Transportation costs are a massive burden on many student groups, and are often the limiting factor in determining in which activities students can participate. This additional funding not only will allow groups to engage with communities outside of Harvard, but will also serve a subsidy-like purpose in enabling undergraduates without money to spare to travel with their student groups.
The UC has certainly had its share of obstacles in negotiating with the Dean of the College recently, given the three-dean turnover in the last few years. Managing a relationship with the Dean’s office and maintaining a council through three different deans of Harvard College might have made it difficult to even keep funding constant. The recent boost in support of student-life events, however, shows a commitment to raising the financial bar even during turbulent times. This additional funding not only represents hard work on the student end, but it also serves as a ringing endorsement of new Dean of the College Evelynn M. Hammonds. Making a difference in the day-to-day lives of students requires that a dean make conscious and sizeable decisions instead of passing the buck. For taking student concerns seriously and acting upon proposals instead of pushing them from one committee to another, Hammonds should be commended.

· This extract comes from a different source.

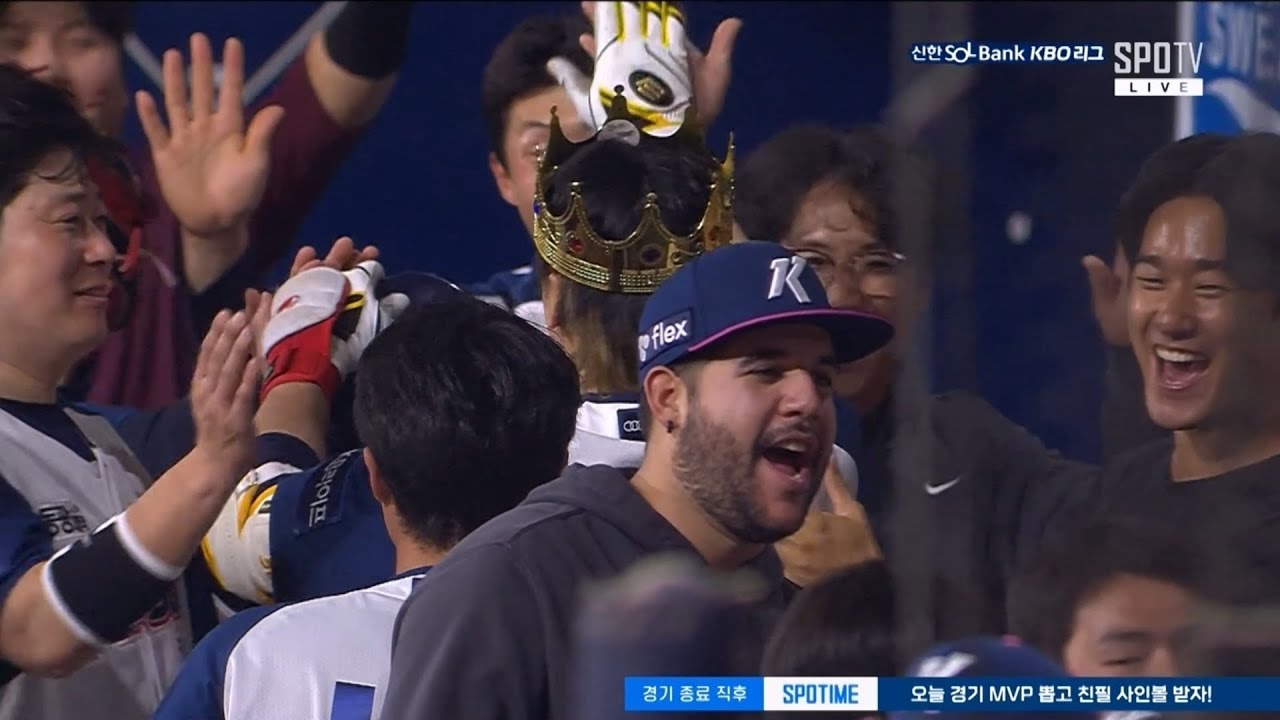 [롯데 vs 키움] 강하다 키움! 이형종 - 송성문 연속 타자 홈런!  | 4.13 | KBO 모먼트 | 야구 주요장면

But with any large sum of money comes the necessity that these funds are handled deftly and with the best interests of students in mind. This issue is particularly pertinent in a case like this—where a significant amount of additional funding could go to HoCos. This money can only be used to its full potential if Harvard students take seriously the role of HoCos. Currently, HoCo election protocol varies from house to house and is often erratic and haphazard. More residents of the houses must be willing to participate in their HoCos and determine how to best spend this money. Whether this means standardizing the HoCo election process or allowing for more non-officer input, a larger group of students per house should become involved to best spend the cash in HoCos’ deeper pockets.

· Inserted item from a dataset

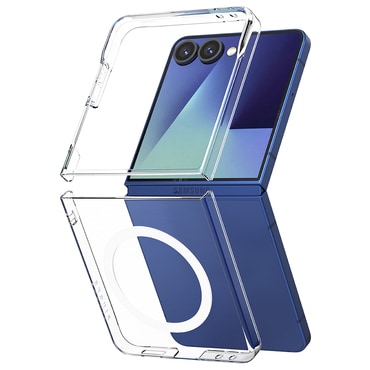 Maska Ringke "Slim Magnetic" za Samsung Galaxy Z Flip7 - clear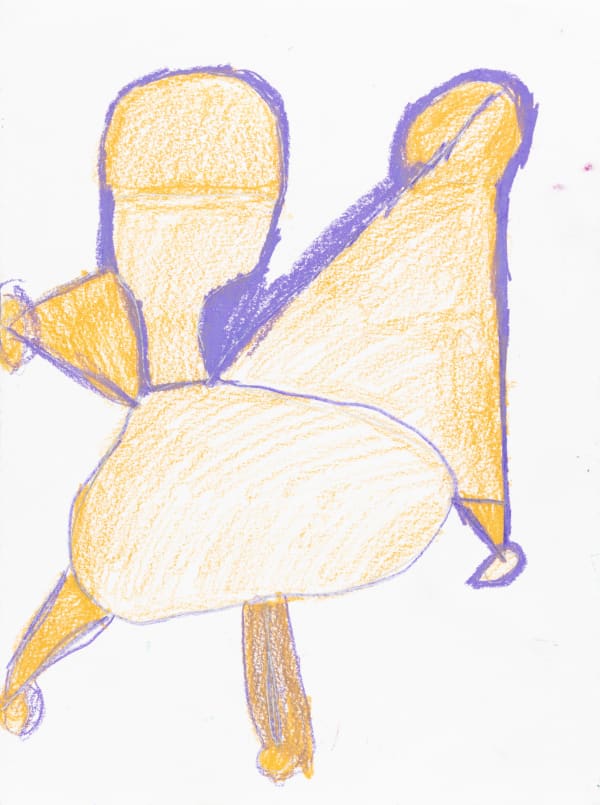 Katrina Jackson, Lamp, 2025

While this additional money is certainly going to aid student groups and boost house life, it should not be considered a complete remedy to the debilitated state of social life in the houses. The UC should resume the fight for bringing back party grants. A formal cannot replace an inclusive room party: a vital social commodity on a campus dominated by private events. Diverting more funding toward student groups and HoCos is one step in the right direction, but the UC should resume its push toward regaining lost social ground.